Le géant italien Eni semble avoir pris une avance sérieuse dans le très attendu Bid Round 2026 en Algérie. Alors qu’Alger relance l’ouverture de nouveaux périmètres pétroliers et gaziers aux investisseurs étrangers, plusieurs signaux montrent que le groupe italien part avec une longueur d’avance sur ses concurrents.
Entre proximité géographique, partenariat historique avec Sonatrach et besoins énergétiques croissants de l’Europe, Eni apparaît aujourd’hui comme l’un des acteurs les mieux positionnés pour décrocher les futurs contrats d’exploration et de production.
Un Bid Round 2026 en Algérie très attendu
L’Algérie a officiellement lancé son « Algeria Bid Round 2026 », un nouvel appel d’offres international piloté par l’Agence nationale pour la valorisation des ressources en hydrocarbures (ALNAFT).
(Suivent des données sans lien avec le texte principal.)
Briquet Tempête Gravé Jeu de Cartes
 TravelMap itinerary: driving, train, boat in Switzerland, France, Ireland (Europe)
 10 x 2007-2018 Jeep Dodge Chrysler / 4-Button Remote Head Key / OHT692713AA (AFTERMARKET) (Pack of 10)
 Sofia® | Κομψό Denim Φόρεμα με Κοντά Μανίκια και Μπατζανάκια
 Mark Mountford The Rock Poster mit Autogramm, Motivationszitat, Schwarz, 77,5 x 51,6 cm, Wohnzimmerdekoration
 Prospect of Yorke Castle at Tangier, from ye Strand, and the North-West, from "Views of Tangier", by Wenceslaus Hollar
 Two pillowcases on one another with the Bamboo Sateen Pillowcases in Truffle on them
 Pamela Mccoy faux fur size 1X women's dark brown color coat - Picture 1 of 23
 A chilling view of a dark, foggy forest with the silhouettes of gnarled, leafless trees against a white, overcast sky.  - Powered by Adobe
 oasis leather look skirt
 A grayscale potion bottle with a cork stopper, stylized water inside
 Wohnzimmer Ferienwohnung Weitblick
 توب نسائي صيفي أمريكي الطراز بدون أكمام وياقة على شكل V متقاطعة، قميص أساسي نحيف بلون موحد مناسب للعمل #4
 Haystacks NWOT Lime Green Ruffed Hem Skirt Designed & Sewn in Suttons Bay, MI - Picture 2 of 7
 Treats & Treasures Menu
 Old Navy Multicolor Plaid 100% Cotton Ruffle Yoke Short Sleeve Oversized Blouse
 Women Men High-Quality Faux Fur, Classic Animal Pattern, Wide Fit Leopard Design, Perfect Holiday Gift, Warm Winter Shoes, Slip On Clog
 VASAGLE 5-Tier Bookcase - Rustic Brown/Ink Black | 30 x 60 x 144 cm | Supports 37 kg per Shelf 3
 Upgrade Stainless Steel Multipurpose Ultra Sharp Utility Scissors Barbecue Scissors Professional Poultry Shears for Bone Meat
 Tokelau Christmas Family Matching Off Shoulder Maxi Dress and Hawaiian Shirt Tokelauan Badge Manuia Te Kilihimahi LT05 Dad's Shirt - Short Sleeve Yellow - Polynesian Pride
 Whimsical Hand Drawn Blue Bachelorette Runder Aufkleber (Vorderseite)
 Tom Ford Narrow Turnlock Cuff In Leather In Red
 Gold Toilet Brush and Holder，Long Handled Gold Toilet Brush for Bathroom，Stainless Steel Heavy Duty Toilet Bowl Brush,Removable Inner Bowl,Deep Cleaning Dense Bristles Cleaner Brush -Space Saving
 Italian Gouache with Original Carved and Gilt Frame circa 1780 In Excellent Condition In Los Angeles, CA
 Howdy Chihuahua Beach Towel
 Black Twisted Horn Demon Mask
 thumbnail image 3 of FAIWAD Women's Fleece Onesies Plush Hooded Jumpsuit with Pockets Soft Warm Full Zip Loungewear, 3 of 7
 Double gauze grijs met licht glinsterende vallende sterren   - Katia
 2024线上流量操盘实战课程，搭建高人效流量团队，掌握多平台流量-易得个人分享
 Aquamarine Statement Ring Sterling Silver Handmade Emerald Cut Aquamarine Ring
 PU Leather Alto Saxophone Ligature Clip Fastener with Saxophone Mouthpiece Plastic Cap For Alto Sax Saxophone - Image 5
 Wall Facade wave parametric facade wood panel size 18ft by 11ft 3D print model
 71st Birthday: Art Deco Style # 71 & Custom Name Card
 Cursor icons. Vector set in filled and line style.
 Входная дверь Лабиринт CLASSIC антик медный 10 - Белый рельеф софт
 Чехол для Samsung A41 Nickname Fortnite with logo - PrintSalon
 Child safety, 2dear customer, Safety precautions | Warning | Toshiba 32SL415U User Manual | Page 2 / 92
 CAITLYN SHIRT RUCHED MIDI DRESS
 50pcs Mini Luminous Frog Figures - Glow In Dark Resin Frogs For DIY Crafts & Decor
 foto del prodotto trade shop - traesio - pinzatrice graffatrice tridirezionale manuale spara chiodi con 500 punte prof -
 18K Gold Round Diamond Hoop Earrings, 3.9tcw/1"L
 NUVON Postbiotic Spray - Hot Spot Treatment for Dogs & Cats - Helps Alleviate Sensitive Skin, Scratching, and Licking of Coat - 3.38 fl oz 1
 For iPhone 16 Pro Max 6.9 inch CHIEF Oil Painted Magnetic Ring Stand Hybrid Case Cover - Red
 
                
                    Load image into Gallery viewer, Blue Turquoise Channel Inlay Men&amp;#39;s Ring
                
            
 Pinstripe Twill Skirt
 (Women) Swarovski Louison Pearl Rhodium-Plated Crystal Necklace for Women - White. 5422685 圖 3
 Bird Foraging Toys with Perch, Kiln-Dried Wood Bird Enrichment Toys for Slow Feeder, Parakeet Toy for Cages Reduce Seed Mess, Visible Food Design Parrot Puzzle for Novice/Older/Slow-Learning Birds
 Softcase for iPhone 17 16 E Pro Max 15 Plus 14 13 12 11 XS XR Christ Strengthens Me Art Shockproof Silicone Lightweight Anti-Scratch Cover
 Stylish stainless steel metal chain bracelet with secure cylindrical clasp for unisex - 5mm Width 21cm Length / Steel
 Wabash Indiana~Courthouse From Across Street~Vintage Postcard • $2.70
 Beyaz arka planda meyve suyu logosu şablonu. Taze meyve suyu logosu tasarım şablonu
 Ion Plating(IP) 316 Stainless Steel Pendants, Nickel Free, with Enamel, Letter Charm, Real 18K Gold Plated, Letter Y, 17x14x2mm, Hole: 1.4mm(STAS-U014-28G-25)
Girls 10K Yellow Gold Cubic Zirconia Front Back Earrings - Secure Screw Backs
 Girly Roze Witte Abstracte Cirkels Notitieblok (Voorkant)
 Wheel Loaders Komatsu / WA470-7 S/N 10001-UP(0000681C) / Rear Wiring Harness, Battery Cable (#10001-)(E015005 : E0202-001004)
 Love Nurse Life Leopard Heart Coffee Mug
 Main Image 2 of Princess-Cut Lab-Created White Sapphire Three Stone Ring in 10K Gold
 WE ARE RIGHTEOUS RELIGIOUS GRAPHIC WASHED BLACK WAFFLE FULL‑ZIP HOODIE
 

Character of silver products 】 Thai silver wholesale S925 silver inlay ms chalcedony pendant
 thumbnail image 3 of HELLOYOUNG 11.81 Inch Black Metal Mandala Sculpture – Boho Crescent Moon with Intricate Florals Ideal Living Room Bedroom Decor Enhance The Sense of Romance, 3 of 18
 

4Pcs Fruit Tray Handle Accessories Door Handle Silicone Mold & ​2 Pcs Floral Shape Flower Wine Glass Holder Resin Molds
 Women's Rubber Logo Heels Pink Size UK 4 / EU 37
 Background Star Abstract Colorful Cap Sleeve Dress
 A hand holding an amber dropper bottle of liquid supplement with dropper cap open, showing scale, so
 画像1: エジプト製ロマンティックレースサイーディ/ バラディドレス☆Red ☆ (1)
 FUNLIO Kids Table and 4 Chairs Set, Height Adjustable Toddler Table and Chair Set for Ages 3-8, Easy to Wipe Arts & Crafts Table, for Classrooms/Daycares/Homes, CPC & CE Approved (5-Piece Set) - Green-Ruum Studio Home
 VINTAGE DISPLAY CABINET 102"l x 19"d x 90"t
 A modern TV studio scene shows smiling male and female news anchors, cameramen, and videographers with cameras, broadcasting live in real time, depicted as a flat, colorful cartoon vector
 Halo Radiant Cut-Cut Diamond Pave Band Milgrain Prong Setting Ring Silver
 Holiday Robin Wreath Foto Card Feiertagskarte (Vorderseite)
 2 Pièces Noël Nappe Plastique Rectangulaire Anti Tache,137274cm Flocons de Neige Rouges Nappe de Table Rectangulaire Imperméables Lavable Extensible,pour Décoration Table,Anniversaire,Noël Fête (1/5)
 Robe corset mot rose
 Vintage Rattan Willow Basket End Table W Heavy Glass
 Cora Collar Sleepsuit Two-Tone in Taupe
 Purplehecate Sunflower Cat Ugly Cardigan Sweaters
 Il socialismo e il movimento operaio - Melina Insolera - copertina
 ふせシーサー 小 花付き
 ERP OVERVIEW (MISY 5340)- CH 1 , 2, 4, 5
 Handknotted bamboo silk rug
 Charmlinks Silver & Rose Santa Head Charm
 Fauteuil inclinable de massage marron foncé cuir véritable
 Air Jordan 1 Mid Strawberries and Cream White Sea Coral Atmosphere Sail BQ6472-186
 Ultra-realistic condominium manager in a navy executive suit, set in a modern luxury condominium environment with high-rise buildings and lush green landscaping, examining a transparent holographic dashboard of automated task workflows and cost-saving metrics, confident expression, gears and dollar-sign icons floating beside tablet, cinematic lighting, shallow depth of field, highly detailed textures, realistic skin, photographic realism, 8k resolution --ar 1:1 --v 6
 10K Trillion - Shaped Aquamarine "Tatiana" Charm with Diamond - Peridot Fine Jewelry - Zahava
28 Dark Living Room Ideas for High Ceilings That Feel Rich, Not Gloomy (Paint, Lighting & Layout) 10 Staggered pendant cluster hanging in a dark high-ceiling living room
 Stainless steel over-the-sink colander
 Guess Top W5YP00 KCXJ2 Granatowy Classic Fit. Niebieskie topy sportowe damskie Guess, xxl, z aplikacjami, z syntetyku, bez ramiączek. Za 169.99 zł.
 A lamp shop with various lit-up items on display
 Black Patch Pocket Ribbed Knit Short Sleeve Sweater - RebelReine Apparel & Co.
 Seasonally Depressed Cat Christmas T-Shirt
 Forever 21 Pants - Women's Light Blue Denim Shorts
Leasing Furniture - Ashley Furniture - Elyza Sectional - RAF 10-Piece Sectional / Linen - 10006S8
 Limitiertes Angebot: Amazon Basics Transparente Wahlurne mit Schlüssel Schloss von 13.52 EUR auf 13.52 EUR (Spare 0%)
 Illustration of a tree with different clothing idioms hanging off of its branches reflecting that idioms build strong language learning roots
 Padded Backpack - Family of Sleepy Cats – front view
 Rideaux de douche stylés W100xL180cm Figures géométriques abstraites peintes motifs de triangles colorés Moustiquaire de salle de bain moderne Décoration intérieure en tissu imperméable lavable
L’opération concerne plusieurs zones à fort potentiel en pétrole et en gaz naturel. Le calendrier dévoilé par les autorités prévoit l’ouverture des « data rooms » dès le mois de juin 2026. Les groupes énergétiques intéressés pourront analyser les données géologiques avant le dépôt des offres, prévu à l’automne. Les signatures des contrats sont attendues début 2027.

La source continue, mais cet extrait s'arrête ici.